= Stored dataset items =
---

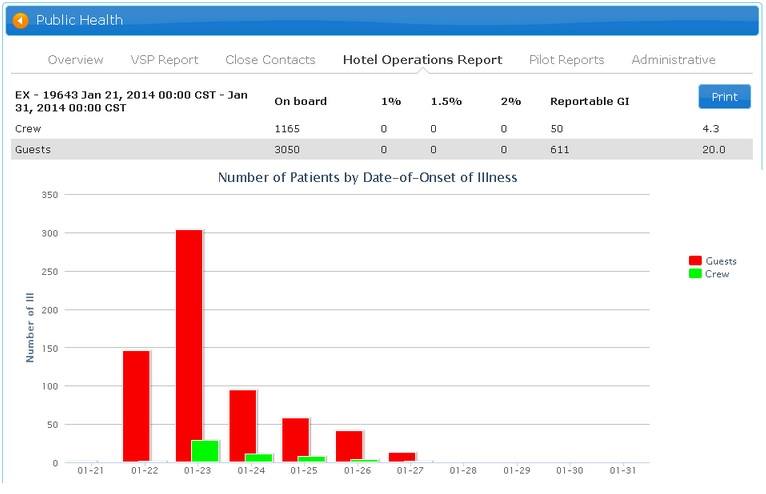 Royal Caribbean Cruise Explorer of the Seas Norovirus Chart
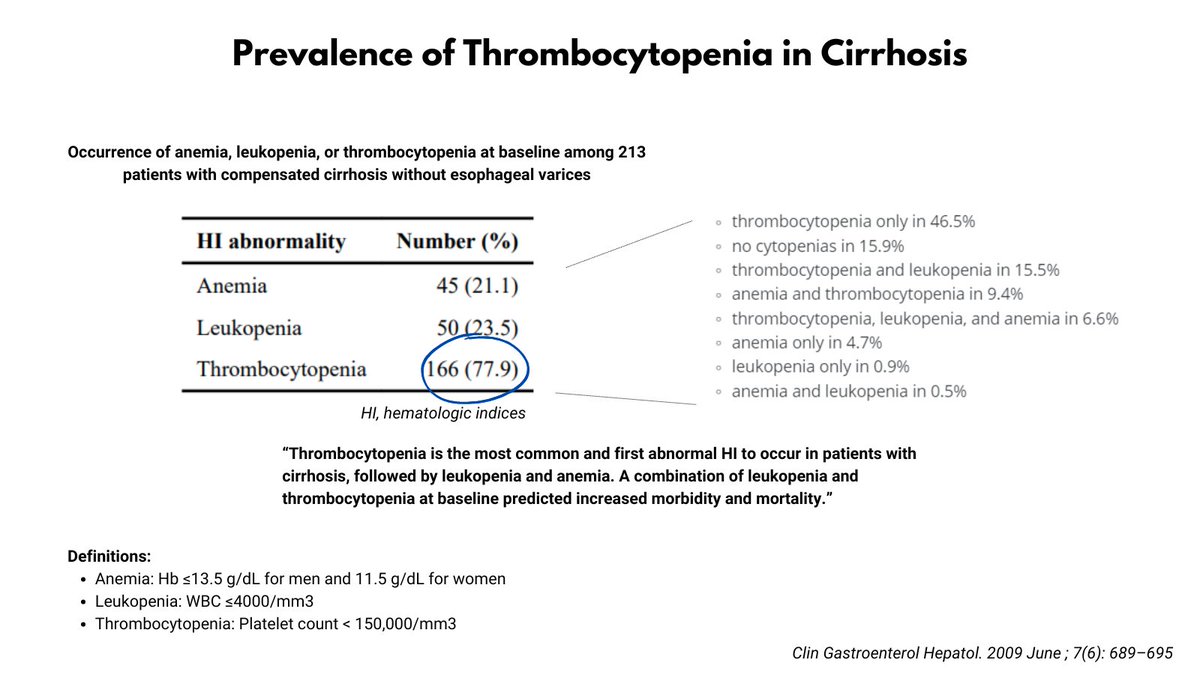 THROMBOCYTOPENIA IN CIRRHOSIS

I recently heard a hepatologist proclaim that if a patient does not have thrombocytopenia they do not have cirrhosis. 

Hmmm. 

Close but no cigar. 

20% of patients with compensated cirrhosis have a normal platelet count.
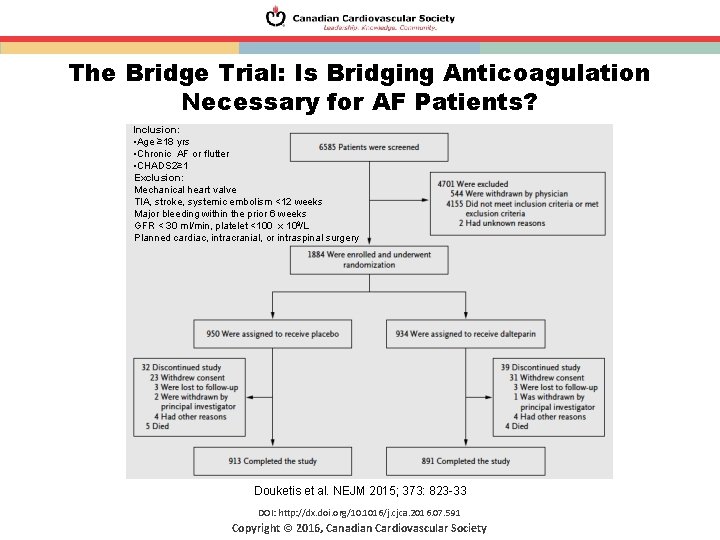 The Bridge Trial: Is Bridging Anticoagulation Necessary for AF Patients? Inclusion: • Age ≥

---

Only what runs from the line holding "THROMBOCYTOPENIA IN CIRRHOSIS" through the end of the entries above is to be given again, exactly, with every picture omitted.

= SOLVED PROBLEM =
 THROMBOCYTOPENIA IN CIRRHOSIS

I recently heard a hepatologist proclaim that if a patient does not have thrombocytopenia they do not have cirrhosis. 

Hmmm. 

Close but no cigar. 

20% of patients with compensated cirrhosis have a normal platelet count.
 The Bridge Trial: Is Bridging Anticoagulation Necessary for AF Patients? Inclusion: • Age ≥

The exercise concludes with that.